The Reformatory by TANANARIVE DUE

This is a novel that I’d recommend to everyone – in fact, I’ll be surprised if I don’t just rave about it face to face any time I can crowbar it into a conversation. It should be a massive crossover novel, and is one of the best things I’ve ever read.

It is set in 1950s Florida and tells the story of a brother and sister, Robert and Gloria. Robert is twelve years old and following a very innocuous incident with an older boy who happens to be the son of a rich and powerful man in the town, the police come to Robert’s door. He is taken to Court and given a very cursory trial and sentenced to six months at the Gracetown School for Boys, a reformatory.

The story then alternates between Robert’s time at the Reformatory, and Gloria’s efforts to make sense of the system and to fight within it for justice and being thwarted at every turn.
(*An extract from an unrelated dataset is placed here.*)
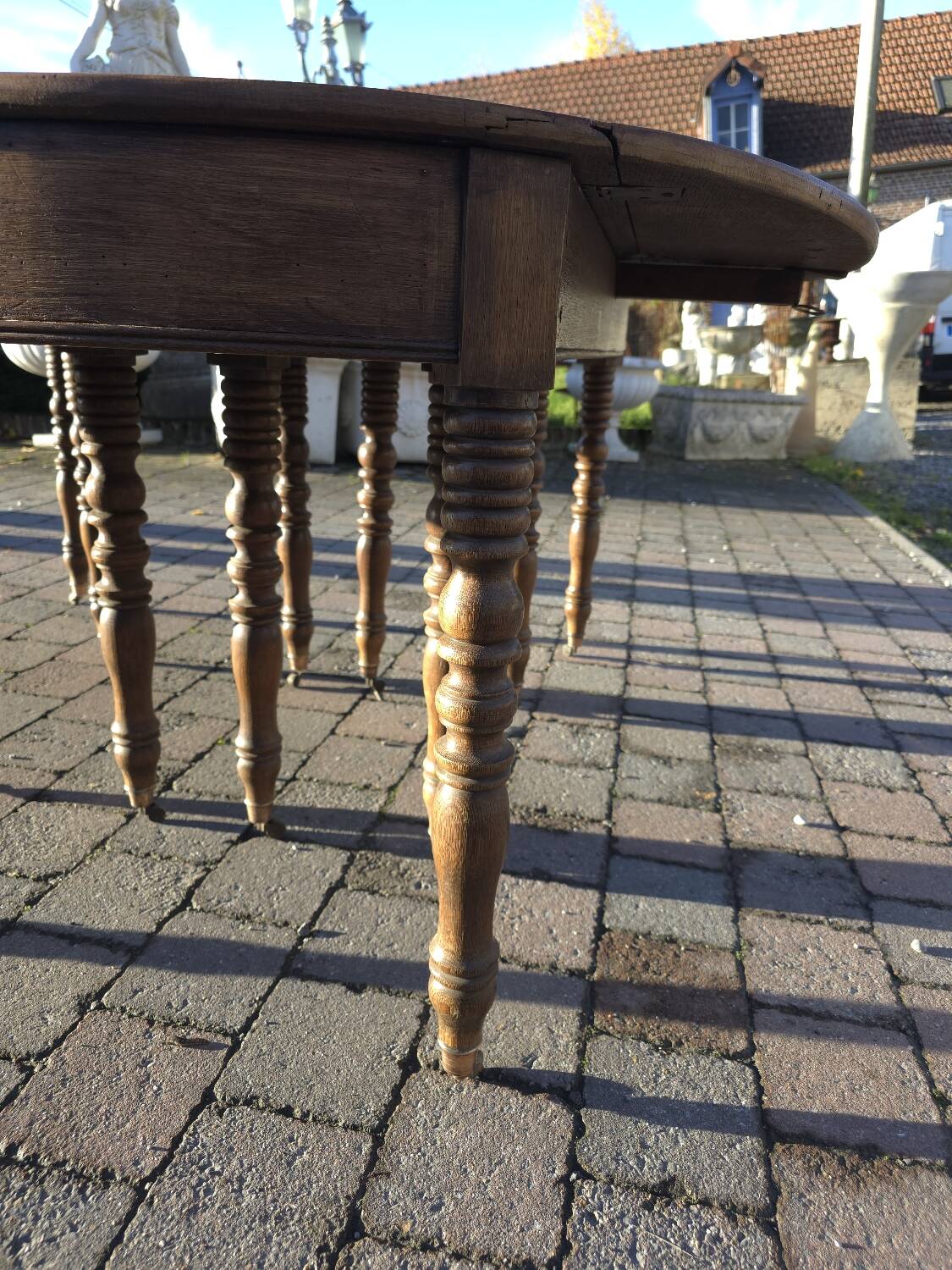 12-foot round oak table with 7 extensions / 20 people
The reformatory on the real world Dozier school, and just like that school lots of young African-American children were detained for very little, beaten, abused and many of them died as a result of systemic abuse and racism. Tananarive Due’s own Great-Uncle was in the Dozier school and died there, and the Robert character is based on him.

Robert also has the ability to see ghosts – or what the novel calls ‘haints’ and the reformatory is full of them – spirits of boys who died at the school, including many who died in a fire of ‘unknown’ causes. Discipline at the school is both ferocious and capricious, and every moment is charged with the knowledge that saying the wrong thing or having the wrong facial expression can at any time get you a trip to “The Funhouse” for a beating, or somewhere else for worse.
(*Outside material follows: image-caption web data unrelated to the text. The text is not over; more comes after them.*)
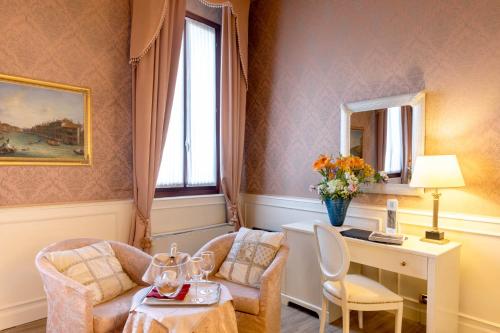 a room with two chairs and a desk and a window at Duodo Palace in Venice
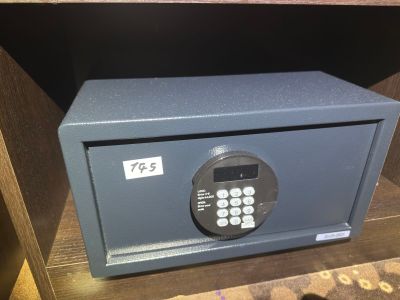 a safe box that is on a shelf in a room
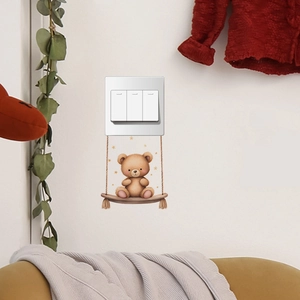 Detailed view of brown teddy bear on a swing wall sticker near light switch decoration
Robert and Gloria are both wonderful protagonists, kind-hearted and innocent but quickly picking up that they need to be tougher and smarter to survive in this dreadful environment and both in their own ways navigating how to deal in a world where the rules of the game are unclear but obviously stacked against them.
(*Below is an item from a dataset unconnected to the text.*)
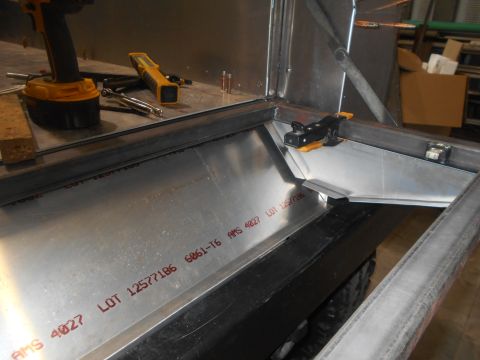 1992 Ford Bronco - Metal fabrication work in progress, with tools and materials visible.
The central antagonist is the Warden, Haddock, who is one of the all-time great villains. The fact that in the first meeting with Robert, Haddock proudly shows Robert a photograph of Haddock cradling the body of his own dead baby sister shows you what an appalling man he is, and he gets far far worse than that.

It is a novel both about the awfulness that man imposes on others out of fear and ignorance, but also a triumph of what an individual faced with all of this can still be more than a victim, more than what is expected of them. There is more than this.

The pace is great, all of the side characters are well-drawn and vivid, the haint stuff is well-handled, and there’s a rug-pull reveal in the second act that hit me like a right hook that I just never saw being lined up on me but that in retrospect just worked perfectly.

There’s a lot of sadness here – for all of the young boys who didn’t make it, for all of the men and women that lived a life of oppression, that the world still hasn’t really made that right and may never; but there’s also hope and joy and love. It’s a terrific read and I honestly think it is destined to be a future classic.

Tananarive Due writes an incredibly moving postscript about her family history and the research into the book, and gives a list of future recommended reading, and I’ll be following up on that. She also gave (no surprise) a wonderful interview on the Talking Scared podcast, which I highly recommend.

I’ve loved every book I’ve reviewed here, but this is the one that I’d really urge people to read. It is everything that horror and writing is capable of being.